In a unanimous ruling, a panel of seven Supreme Court justices rewrote centuries-old common law to clarify bewildering Canadian case law about the legal duty of businesses to act in good faith with companies and people with whom they have contracts. Some areas of contractual law, such as employment, franchise and insurance agreements, already require a duty of good faith, but no such standard exists in the broader arena of commercial contracts.
“Enunciating a general organizing principle of good faith and recognizing a duty to perform contracts honestly will help bring certainty and coherence to this area of the law,” Supreme Court Justice Thomas Cromwell wrote in the decision released on Thursday. One of the legal pillars of acting in good faith, Justice Cromwell wrote, is a duty to be honest about business conducted under a contract.
“It is a simple requirement not to lie or mislead the party about one’s contractual performance,” he said.
With the exception of Quebec, which imposed a duty of good faith years ago in contract law, Canadian courts have trailed other countries such as the United States in defining the legal standard. The courts have historically been reluctant to handicap businesses with rules that might interrupt the progress of commerce.
The Supreme Court’s decision marks a bold shift from that tradition.
In their ruling, the justices said an Alberta financial company now known as Heritage Education Funds Inc. breached its contract with Edmonton-based dealer Harish Bhasin when it “acted dishonestly,” “misled” and withheld information about its reasons for ending a contract with Mr. Bhasin in 2001. The lost contract cost Mr. Bhasin his business and set off a 13-year legal odyssey that included a five-week trial and appeals that culminated in Thursday’s decision.
“This is a very significant case,” said Neil Finkelstein, a McCarthy Tétrault lawyer in Toronto who argued for Mr. Bhasin before the Supreme Court in February. It has been difficult to hold businesses accountable for acting in bad faith, he added, unless contracts contain specific language requiring parties to act and communicate honestly. Language in contracts that do require a duty of good faith typically is inconsistent.
Mark Gelowitz, a litigator with Osler Hoskin & Harcourt, said that, in light of the decision, he is advising clients to be more mindful of what they say. “Parties are going to have to be dramatically more careful in how they communicate with other parties to a contract.”
In Mr.
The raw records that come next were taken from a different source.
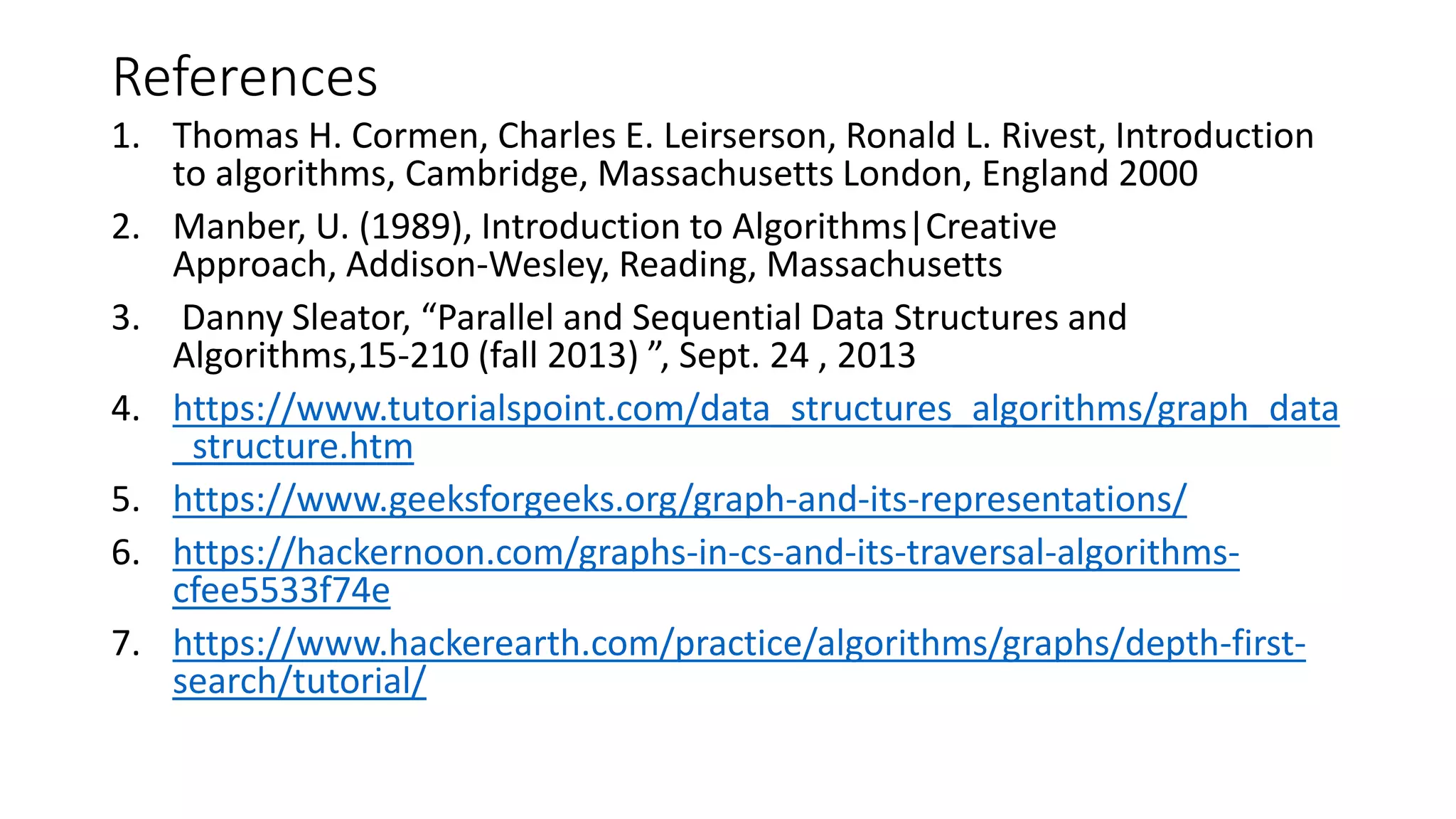 References
1. Thomas H. Cormen, Charles E. Leirserson, Ronald L. Rivest, Introduction
to algorithms, Cambridge, Massachusetts London, England 2000
2. Manber, U. (1989), Introduction to Algorithms|Creative
Approach, Addison-Wesley, Reading, Massachusetts
3. Danny Sleator, “Parallel and Sequential Data Structures and
Algorithms,15-210 (fall 2013) ”, Sept. 24 , 2013
4. https://www.tutorialspoint.com/data_structures_algorithms/graph_data
_structure.htm
5. https://www.geeksforgeeks.org/graph-and-its-representations/
6. https://hackernoon.com/graphs-in-cs-and-its-traversal-algorithms-
cfee5533f74e
7. https://www.hackerearth.com/practice/algorithms/graphs/depth-first-
search/tutorial/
Bhasin’s case, an Alberta trial judge ruled Heritage Education Funds improperly breached its contract by acting dishonestly. The decision was overturned by an Alberta appeal court, which ruled no specific language in Mr. Bhasin’s contract required Heritage Education to act in good faith.
Mr. Bhasin was an independent dealer who sold education savings plans on behalf of Heritage Education. According to the Supreme Court, the Edmonton company was untruthful about its dealings with one of Mr. Bhasin’s competitors, which later hired away the dealer’s sales team. The Supreme Court upheld the trial judge’s award of $87,000, plus interest, and legal costs.
In an interview Mr. Bhasin, now retired, said he was determined to fight his case to right a wrong. “I felt that something wrong was being done to me. I had to fight it to make sure that justice was done and that this won’t happen to others.”
A spokesman for Heritage Education could not be reached for comment.